Das Publikum ist jeden Abend anders
Du moderierst ab dem 20. Juli für drei Tage den Quatsch Comedy Club in Hamburg. Worauf freust du dich?
Auf die Location. Die haben extra für uns dieses Schiff im Hafen umgebaut und der Saal ist fast wie ein kleiner New Yorker Club. Natürlich freue ich mich auch auf die Hamburgerinnen und Hamburger. Viele sagen zwar, die seien so reserviert. Aber wir haben in der Stadt angefangen und es kommen immer noch Stammgäste von damals. Ich bin immer gerne in meiner alten Heimat.
Theater-, Club- oder Kneipenatmosphäre ist durch nichts zu ersetzen
Ole Lehmann
Sind Hamburgerinnen und Hamburger denn reservierter?

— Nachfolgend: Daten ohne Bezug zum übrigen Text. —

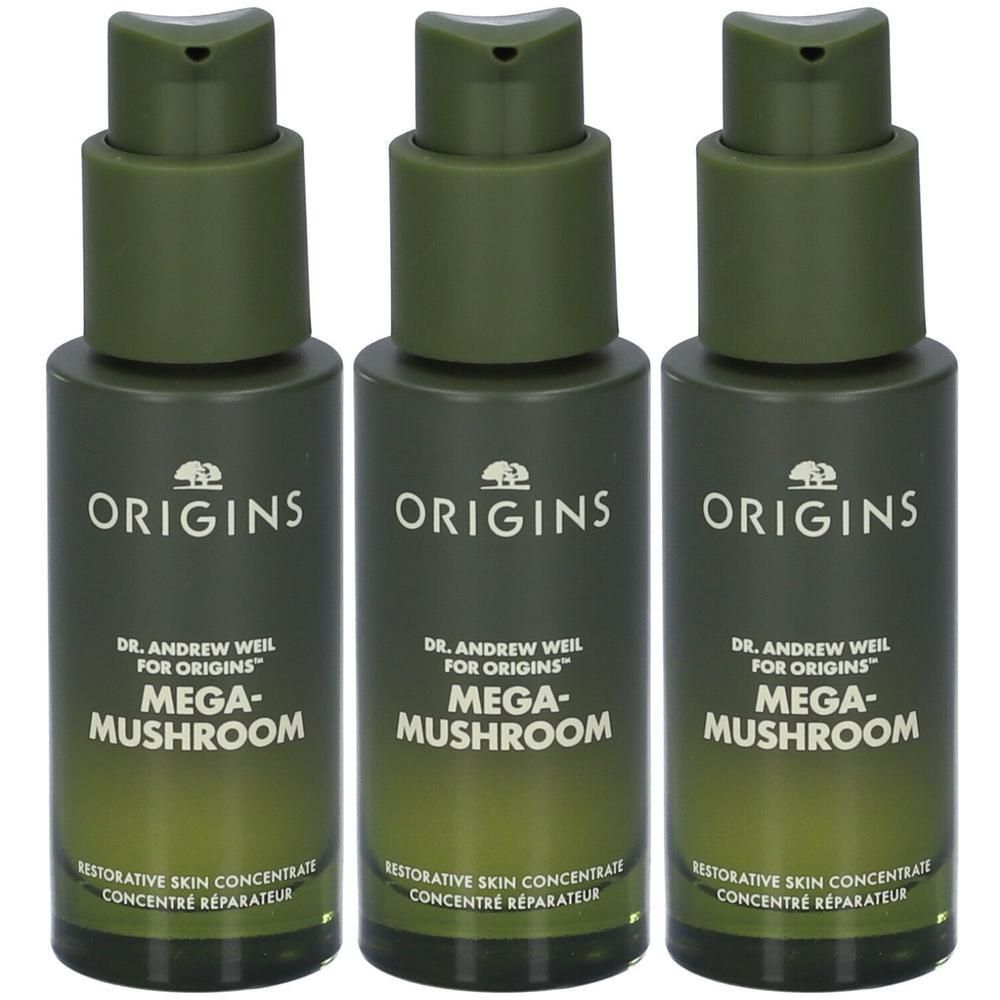 Tre flaconi Origins Mega-Mushroom Restorative Skin Concentrate con erogatori a pompa.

Nein. Für mich gibt es nicht so große regionale Unterschiede im Publikum. Es ist von Abend zu Abend unterschiedlich. Auch wenn die Menschen mal weniger ausrasten, können sie trotzdem einen schönen Abend gehabt haben. Dann spielt auch der Laden immer eine Rolle. Wenn ich in irgendwelchen Mehrzweckräumen spiele, ist es doch klar, dass da die Stimmung nicht so aufkommen kann wie in einem etwas ranzigeren Club. Deswegen finde ich auch Stadien nicht so schön für Stand-up-Comedy. Theater-, Club- oder Kneipenatmosphäre ist durch nichts zu ersetzen. Deswegen ist die neue Location des Quatsch Comedy Clubs in Hamburg auch so geil.